## What is required
Start at the line in the entries below that contains "a living room with a table", stop at the line that contains "Könnte beinhalten: Ein", and output exactly the lines in that span, both ends included.
++++
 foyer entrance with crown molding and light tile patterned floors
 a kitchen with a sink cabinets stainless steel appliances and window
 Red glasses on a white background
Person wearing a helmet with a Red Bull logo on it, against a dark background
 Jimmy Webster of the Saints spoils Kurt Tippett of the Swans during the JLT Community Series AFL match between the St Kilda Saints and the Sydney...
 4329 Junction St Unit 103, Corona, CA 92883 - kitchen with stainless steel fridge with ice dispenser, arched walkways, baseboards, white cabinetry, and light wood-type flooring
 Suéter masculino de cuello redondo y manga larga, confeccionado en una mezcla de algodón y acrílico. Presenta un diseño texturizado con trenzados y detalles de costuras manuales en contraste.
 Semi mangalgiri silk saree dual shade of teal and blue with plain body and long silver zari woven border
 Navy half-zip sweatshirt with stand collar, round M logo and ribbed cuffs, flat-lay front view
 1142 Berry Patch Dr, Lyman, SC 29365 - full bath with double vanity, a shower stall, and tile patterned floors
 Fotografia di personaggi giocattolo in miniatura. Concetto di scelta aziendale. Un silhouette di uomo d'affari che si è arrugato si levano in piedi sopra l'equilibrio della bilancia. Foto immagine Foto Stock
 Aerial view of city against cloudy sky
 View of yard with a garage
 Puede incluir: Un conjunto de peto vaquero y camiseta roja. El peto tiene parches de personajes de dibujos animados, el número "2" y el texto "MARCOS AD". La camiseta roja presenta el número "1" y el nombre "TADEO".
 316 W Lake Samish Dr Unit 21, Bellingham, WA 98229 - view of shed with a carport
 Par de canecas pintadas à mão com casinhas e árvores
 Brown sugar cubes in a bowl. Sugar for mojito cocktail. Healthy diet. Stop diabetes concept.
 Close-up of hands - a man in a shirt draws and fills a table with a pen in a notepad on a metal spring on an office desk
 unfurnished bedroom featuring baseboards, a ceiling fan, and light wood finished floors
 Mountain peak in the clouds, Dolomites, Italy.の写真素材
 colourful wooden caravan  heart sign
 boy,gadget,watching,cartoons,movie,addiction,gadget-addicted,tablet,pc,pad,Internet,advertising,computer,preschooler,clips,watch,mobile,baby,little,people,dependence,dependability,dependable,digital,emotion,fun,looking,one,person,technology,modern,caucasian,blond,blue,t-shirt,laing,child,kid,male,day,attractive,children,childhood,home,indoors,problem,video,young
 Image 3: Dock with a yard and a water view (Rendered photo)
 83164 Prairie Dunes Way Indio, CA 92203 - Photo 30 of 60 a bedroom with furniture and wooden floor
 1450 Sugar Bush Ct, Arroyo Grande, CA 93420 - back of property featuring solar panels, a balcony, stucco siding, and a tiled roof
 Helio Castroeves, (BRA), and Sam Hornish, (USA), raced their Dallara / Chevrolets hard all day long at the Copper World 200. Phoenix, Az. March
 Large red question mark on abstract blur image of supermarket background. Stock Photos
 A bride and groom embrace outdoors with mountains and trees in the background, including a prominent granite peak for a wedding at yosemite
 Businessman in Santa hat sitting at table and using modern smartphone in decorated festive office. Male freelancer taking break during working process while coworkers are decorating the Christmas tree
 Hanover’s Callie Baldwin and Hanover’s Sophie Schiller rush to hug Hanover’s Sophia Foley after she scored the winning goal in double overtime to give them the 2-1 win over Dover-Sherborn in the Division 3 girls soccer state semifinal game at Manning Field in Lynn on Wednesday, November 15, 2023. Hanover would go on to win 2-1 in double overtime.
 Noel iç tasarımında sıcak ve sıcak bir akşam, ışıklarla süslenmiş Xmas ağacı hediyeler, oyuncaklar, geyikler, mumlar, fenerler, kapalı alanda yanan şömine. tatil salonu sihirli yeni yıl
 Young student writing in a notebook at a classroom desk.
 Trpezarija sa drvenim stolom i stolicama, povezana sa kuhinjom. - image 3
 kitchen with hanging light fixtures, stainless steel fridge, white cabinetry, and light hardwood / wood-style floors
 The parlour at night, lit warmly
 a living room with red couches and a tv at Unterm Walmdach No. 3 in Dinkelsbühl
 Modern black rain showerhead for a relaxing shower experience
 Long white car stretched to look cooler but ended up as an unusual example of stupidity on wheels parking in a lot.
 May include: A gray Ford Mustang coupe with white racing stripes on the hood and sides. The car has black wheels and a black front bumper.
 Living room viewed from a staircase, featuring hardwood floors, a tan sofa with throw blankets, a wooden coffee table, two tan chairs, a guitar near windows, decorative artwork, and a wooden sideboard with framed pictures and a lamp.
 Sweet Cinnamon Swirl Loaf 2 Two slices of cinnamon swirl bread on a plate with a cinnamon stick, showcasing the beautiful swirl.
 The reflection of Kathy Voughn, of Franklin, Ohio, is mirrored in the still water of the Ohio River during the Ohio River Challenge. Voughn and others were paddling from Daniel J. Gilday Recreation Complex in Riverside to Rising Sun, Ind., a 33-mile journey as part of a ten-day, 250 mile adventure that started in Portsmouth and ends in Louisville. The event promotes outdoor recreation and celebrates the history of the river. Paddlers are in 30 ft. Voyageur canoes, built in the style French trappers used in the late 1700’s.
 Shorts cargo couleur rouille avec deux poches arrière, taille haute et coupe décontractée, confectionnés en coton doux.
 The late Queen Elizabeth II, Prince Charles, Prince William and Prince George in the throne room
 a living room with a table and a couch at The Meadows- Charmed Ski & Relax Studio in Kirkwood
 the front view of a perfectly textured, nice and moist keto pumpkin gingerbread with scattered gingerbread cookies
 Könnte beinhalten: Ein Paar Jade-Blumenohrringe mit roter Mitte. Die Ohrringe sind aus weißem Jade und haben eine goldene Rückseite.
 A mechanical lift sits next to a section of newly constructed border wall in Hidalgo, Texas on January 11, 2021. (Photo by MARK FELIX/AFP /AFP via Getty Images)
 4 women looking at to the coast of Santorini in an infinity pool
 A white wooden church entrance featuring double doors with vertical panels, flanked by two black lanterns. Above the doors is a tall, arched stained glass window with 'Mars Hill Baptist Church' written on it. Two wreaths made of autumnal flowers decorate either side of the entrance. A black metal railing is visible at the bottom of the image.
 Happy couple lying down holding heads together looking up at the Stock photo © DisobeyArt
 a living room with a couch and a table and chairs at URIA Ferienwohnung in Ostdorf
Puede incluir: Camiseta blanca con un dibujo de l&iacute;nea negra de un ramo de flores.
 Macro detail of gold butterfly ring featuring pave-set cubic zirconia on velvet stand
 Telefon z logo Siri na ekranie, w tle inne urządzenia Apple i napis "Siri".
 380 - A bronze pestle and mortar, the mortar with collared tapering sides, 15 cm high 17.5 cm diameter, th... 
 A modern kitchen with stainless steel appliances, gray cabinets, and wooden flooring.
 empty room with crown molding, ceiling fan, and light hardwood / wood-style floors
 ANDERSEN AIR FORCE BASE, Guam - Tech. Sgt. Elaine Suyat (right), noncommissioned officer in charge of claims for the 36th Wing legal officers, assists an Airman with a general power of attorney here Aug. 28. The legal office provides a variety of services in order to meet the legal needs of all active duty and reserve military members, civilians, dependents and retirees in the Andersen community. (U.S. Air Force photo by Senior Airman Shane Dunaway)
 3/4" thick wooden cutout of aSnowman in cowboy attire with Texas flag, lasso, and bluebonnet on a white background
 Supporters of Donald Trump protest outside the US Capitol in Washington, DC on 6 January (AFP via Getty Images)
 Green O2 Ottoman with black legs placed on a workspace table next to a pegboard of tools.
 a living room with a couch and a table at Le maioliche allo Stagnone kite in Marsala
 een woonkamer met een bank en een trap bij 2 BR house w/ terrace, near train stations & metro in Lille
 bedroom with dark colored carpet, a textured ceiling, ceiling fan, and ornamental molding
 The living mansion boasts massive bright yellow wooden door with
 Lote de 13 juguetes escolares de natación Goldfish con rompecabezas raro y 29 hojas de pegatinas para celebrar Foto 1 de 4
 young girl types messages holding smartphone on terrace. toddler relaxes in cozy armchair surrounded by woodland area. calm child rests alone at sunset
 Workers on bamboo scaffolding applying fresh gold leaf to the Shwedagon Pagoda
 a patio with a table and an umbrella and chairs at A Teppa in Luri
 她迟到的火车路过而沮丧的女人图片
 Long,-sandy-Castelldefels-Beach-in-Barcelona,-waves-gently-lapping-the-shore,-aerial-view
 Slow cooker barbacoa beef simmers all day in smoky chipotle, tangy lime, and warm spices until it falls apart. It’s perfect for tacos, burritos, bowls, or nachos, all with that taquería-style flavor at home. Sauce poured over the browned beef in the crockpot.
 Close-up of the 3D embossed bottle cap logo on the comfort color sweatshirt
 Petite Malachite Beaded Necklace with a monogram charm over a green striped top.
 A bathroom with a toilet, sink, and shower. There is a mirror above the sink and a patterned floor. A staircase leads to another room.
++++
## Output of the task
 a living room with a table and a couch at The Meadows- Charmed Ski & Relax Studio in Kirkwood
 the front view of a perfectly textured, nice and moist keto pumpkin gingerbread with scattered gingerbread cookies
 Könnte beinhalten: Ein Paar Jade-Blumenohrringe mit roter Mitte. Die Ohrringe sind aus weißem Jade und haben eine goldene Rückseite.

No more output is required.